How would you use empirical data to predict a presidential outcome? Just ask Alan Lichtman. Lichtman's "13 Keys to the White House" model has correctly predicted every presidential election since 1984 and it doesn't use polling data. Instead, it was created by looking at historical voting data (in other words, empirical data) from 1860 through 1980. There are 13 true/false indicators. If enough of them come up "against", then it predicts the incumbent party in the White House will lose the popular vote to the challenging party. It says nothing about the electoral college.

That distinction between popular vote and electoral college is very important. Lichtmans' model correctly predicted Gore's popular vote win in 2000. It did not predict Bush's electoral college victory because it doesn't predict anything about the electoral college. It can't be considered either right or wrong on the electoral college.

Sometimes, the 13 Keys are clear fairly early the election cycle. At least once, Lichtman made his prediction two years ahead of the election. This time around, his prediction was later in the cycle and he predicted a Trump victory. After the election, he was hailed by some as being one of just a few who predicted correctly.
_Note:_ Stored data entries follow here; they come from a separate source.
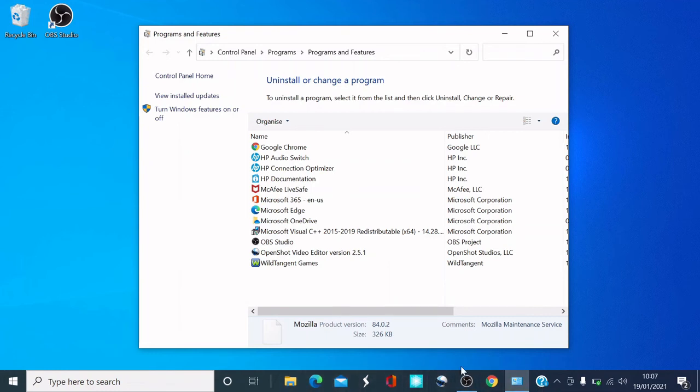There you are guys, that's how you uninstall Mozilla Firefox. I hope you've enjoyed this video — it's a short one but I hope you've learned how to uninstall it. Please make sure you like, subscribe, and share this video with your friends. Comment down below on what other things I can help you with.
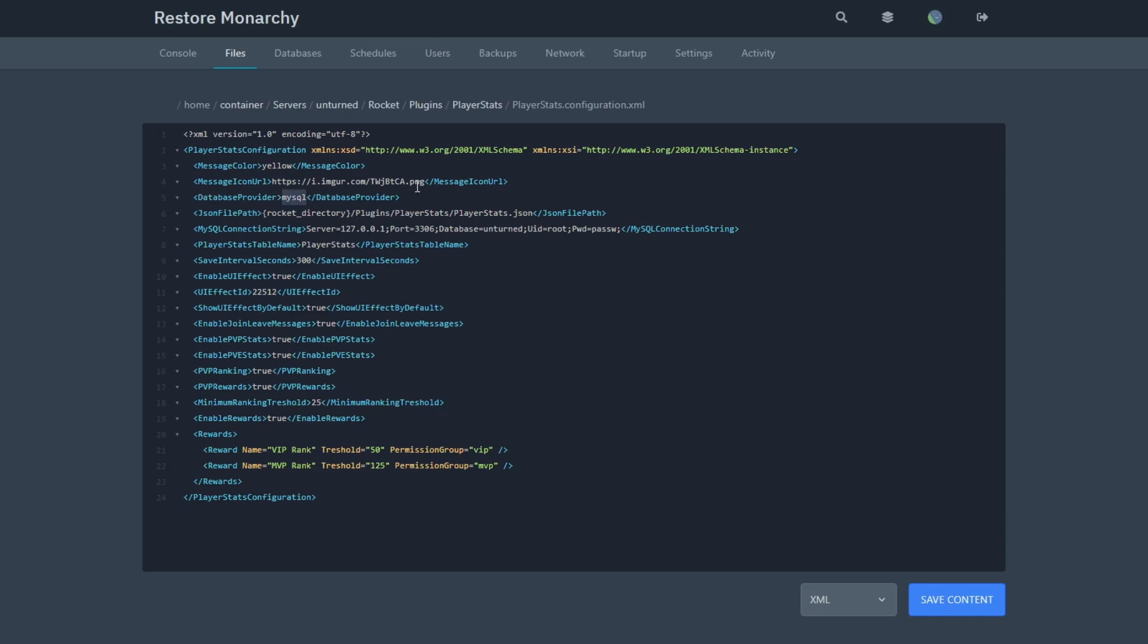This plugin supports both JSON and MySQL. If you were to use MySQL, just type MySQL and type in your MySQL connection string. The next field is PlayerStatsTableName. This is what the table name will be called in the database if you use MySQL.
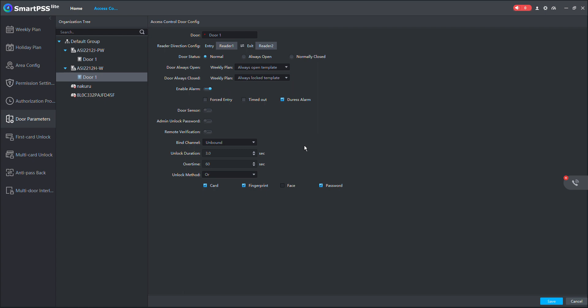So you can set such rules on SmartPSS to improve the efficiency of managing your organization. You can even create a holiday plan and use that to configure so that the door is always locked. I hope this helps you to configure the door settings so that you know how to effectively manage access control for your organization. Thank you for your time.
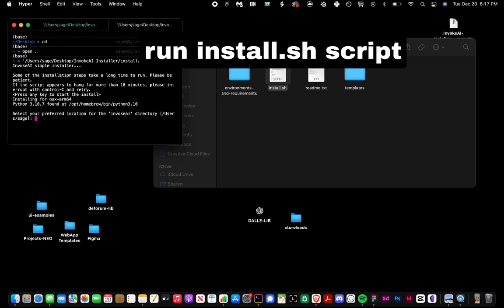We'll choose our installation location. I'm going to use the default location and hit yes to start the installation, and it will begin installing Stable Diffusion.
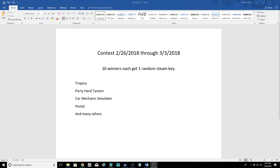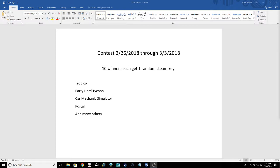Hello friends, welcome to another contest. This contest is going to run from February 26, 2018 through March 3, 2018. It's really hard to believe it's almost March. We're going to do the same thing I always do every week.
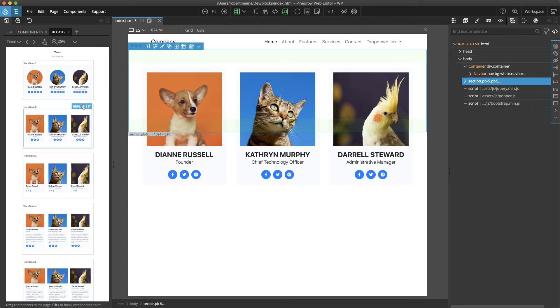This gives us a lot of power to be able to quickly test how each different block is going to look on our page.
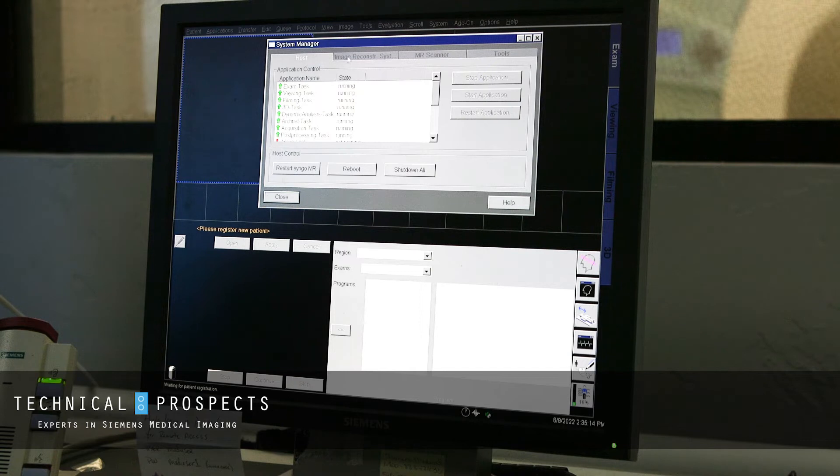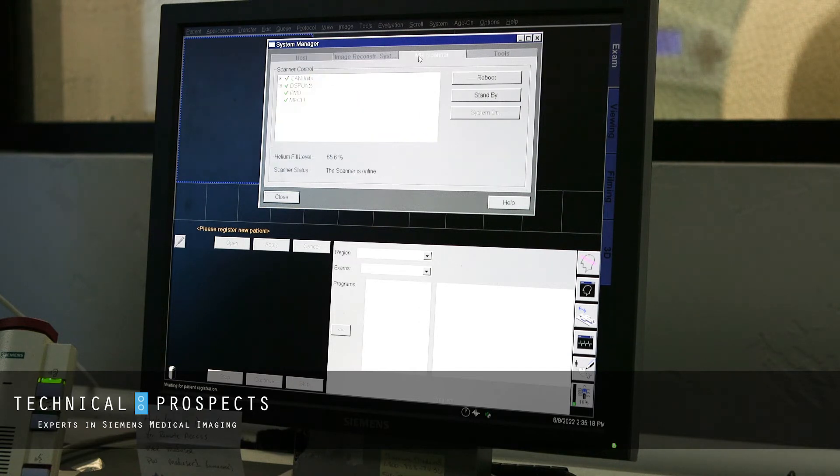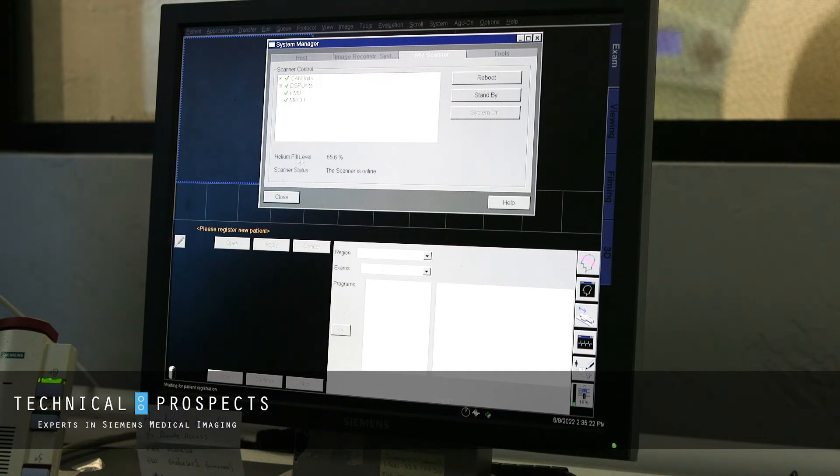You're going to have four little tabs at the top. You want to select MR scanner, the third tab over, and right here is your helium fill level.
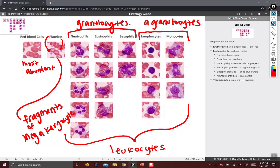Eosinophils have very obvious rosy granules and a bilobed nucleus. Those are all eosinophils.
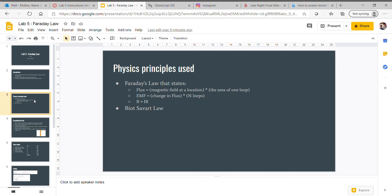Also the Biot-Savart Law, and I didn't put it down here, but Newton's second and third laws. When we're talking about falling objects, those are going to come into play.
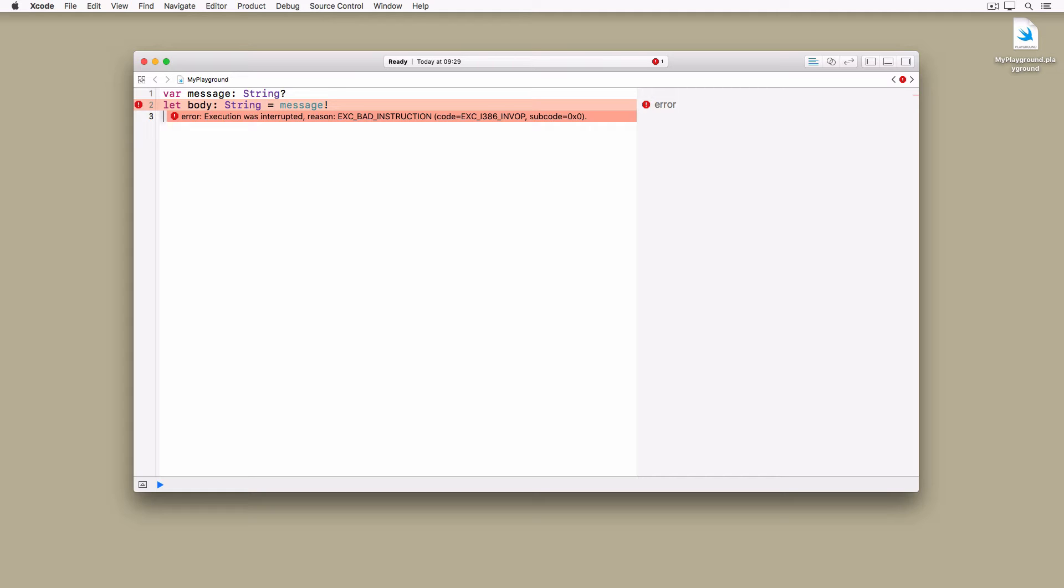Optionals should never be force unwrapped unless you are absolutely certain it contains a value. Let me repeat that. Optionals should never be force unwrapped unless you are absolutely certain it contains a value. Let's add some safety to the example.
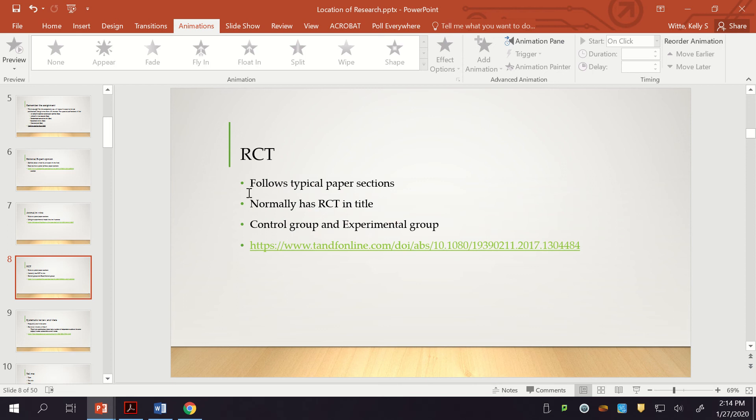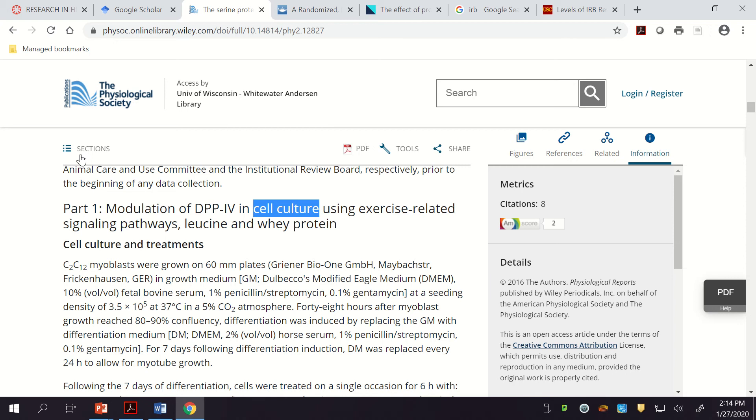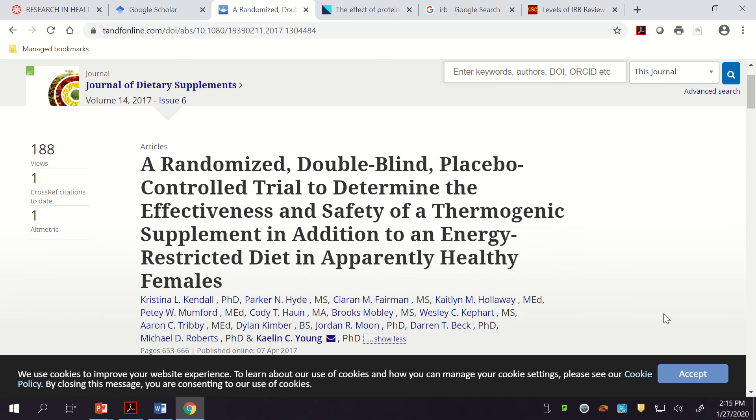Randomized control trial. That hopefully you know what that is. Almost all of the time if you find research and it's randomized control trial, it will be in the title of that paper. And that's because if it's a randomized control trial, that's our highest tier of experimental research. Here's a paper I found: a randomized double-blind placebo-controlled trial to determine the effectiveness and safety of a thermogenic supplement in addition to an energy-restricted diet in apparently healthy females. It says randomized control trial right within the title. So your search term should probably incorporate that.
Now if you've been paying attention up to this point, you might say "Wait a minute. You said that Lichtman predicts the popular vote, not the electoral college and Clinton won the popular vote. Therefore he was wrong!".

On the surface it would appear that way. However, the final Key that turned "against" the incumbent party involved third party candidates. A significant third party vote was a signal against the incumbents. When Lichtman made his prediction, it looked very much like Gary Johnson would be a significant third party influence. In the end though, all the third party votes combined were under 5%. In other words, this Key actually went in favor of the incumbent party and, sure enough, Clinton won the popular vote.

Admittedly, calling this particular Key true or false involved polling data on the third parties, but the Key itself was developed with empirical data and the 13 empirically developed Keys once again predicted correctly. The worst you can say about Lichtman's prediction is the he predicted a Key wrong but the Keys themselves predicted correctly.

That's far from "the death of data".